Bolt, still flush with IPO cash, cans candidate over off-target toxicity, pauses other work to extend runway

Off-target toxicity has killed off one of Bolt Biotherapeutics’ lead programs. Rather than push BDC-2034 into the clinic, the immuno-oncology startup is winding down spending on the anti-tumor candidate and focusing its $223.6 million cash pile on two other prospects. 
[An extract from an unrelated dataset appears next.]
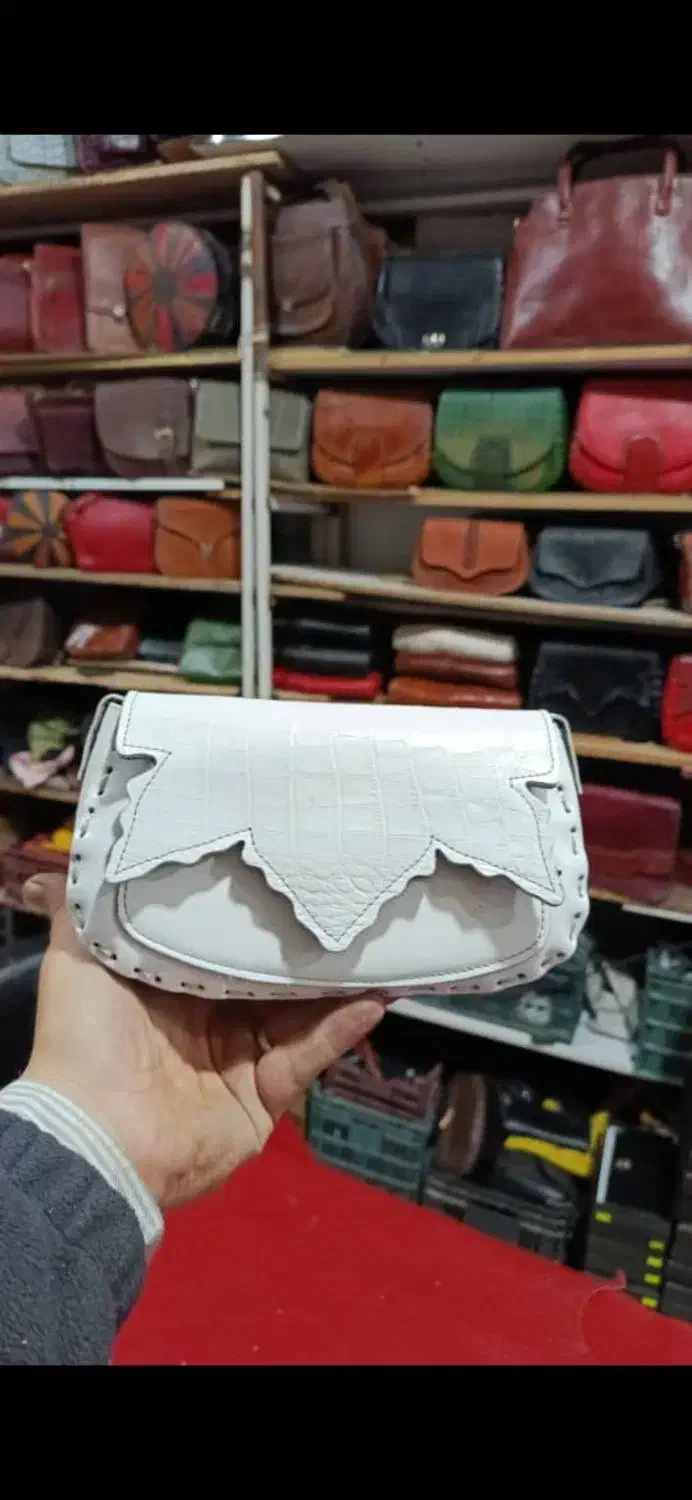 کیف در پروانه برگی چرم طبیعی|کیف، کفش، کمربند|اردبیل, |دیوار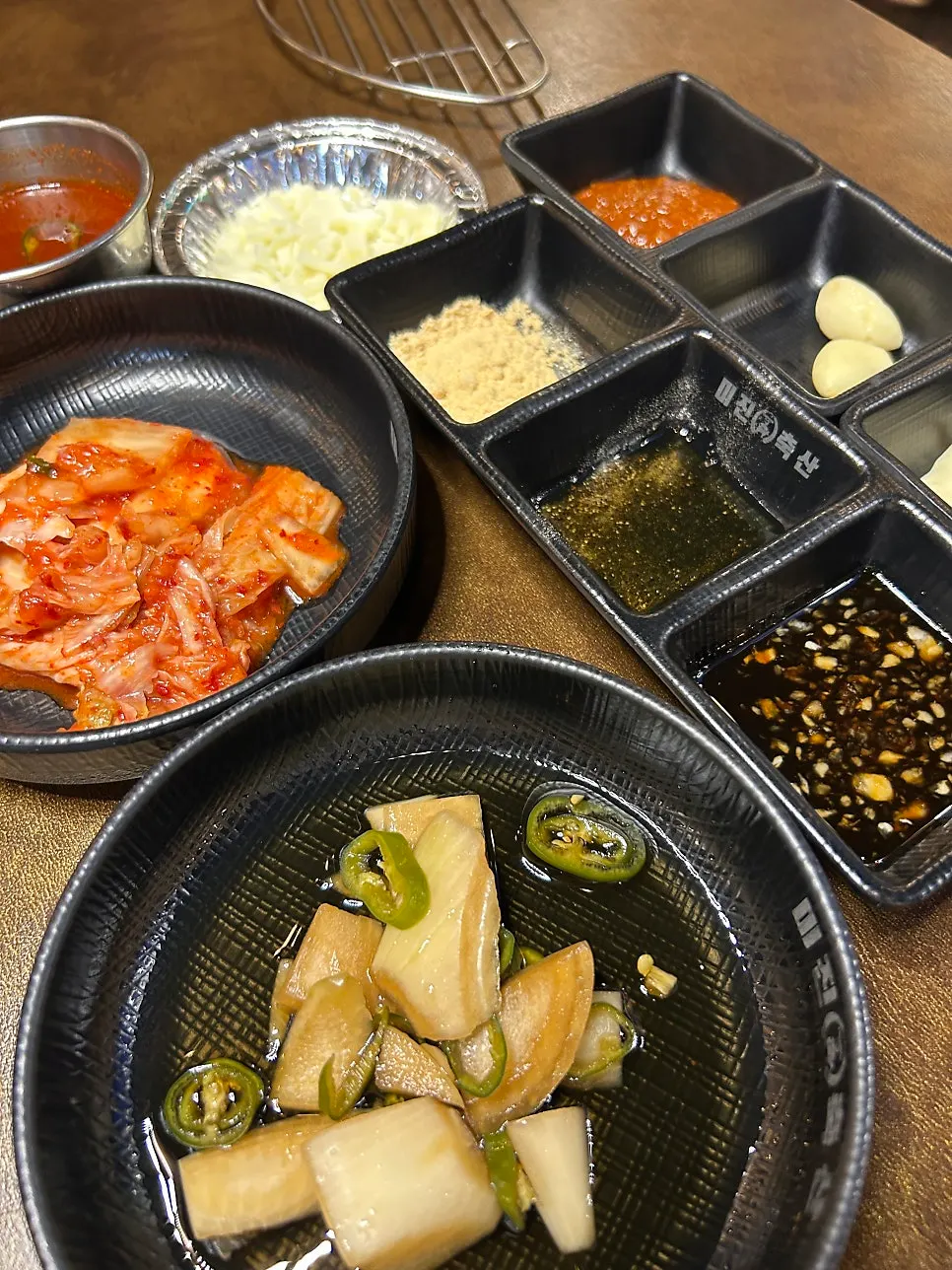 각종 소스와 기본찬 상차림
Bolt previously planned to move BDC-2034 into the clinic next year. The candidate uses Bolt’s Boltbody immune-stimulating antibody conjugate technology to target carcinoembryonic antigen cell adhesion molecule 5 (CEA). The tumor antigen is upregulated in various solid tumors including colorectal cancer, non-small cell lung cancer, pancreatic cancer and breast cancer, some of which are immunologically “cold.”

BDC-2034 advanced to the cusp of clinical trials on the strength of evidence from a study in mice, which found the candidate was effective against pancreatic cancer. A naked anti-CEA monoclonal antibody was ineffective in the mice. 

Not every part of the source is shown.